#### [TASK GOAL]
Lines from the one containing "Tv Game Console" through the last one in the data below: write them out word for word, and only them.
⁂
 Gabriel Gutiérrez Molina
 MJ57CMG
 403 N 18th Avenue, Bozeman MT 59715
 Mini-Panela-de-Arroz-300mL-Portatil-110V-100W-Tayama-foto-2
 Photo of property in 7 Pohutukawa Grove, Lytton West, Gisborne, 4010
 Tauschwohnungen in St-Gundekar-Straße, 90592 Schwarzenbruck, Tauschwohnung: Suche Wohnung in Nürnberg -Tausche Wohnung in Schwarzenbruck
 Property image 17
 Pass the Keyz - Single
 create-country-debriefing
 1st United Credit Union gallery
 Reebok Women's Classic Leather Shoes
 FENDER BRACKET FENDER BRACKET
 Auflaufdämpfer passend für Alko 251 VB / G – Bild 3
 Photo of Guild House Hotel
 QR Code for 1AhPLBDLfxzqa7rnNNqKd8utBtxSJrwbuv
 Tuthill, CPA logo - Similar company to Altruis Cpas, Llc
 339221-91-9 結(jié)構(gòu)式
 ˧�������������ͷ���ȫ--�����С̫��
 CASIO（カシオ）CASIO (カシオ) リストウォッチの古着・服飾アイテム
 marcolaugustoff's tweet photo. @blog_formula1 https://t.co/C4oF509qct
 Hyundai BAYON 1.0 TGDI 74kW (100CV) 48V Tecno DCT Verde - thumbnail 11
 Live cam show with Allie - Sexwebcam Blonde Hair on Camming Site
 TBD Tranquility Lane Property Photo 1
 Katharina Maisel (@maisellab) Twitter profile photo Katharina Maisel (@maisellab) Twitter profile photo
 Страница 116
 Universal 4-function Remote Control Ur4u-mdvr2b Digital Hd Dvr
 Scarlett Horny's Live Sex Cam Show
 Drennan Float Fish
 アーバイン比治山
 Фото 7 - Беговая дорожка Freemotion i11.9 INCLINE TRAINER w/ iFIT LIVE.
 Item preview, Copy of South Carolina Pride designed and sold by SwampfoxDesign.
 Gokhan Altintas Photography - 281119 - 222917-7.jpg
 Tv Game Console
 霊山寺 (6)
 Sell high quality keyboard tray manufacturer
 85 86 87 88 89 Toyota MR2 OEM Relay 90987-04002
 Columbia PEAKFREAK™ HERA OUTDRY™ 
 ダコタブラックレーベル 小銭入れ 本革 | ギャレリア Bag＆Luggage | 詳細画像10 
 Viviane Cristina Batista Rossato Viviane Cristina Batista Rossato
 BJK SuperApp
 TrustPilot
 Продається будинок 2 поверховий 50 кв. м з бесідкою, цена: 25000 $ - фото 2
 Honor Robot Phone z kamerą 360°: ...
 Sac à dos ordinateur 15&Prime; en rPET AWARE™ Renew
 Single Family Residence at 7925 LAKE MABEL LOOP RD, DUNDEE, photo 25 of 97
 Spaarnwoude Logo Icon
⁂
#### [ANSWER SECTION]
 Tv Game Console
 霊山寺 (6)
 Sell high quality keyboard tray manufacturer
 85 86 87 88 89 Toyota MR2 OEM Relay 90987-04002
 Columbia PEAKFREAK™ HERA OUTDRY™ 
 ダコタブラックレーベル 小銭入れ 本革 | ギャレリア Bag＆Luggage | 詳細画像10 
 Viviane Cristina Batista Rossato Viviane Cristina Batista Rossato
 BJK SuperApp
 TrustPilot
 Продається будинок 2 поверховий 50 кв. м з бесідкою, цена: 25000 $ - фото 2
 Honor Robot Phone z kamerą 360°: ...
 Sac à dos ordinateur 15&Prime; en rPET AWARE™ Renew
 Single Family Residence at 7925 LAKE MABEL LOOP RD, DUNDEE, photo 25 of 97
 Spaarnwoude Logo Icon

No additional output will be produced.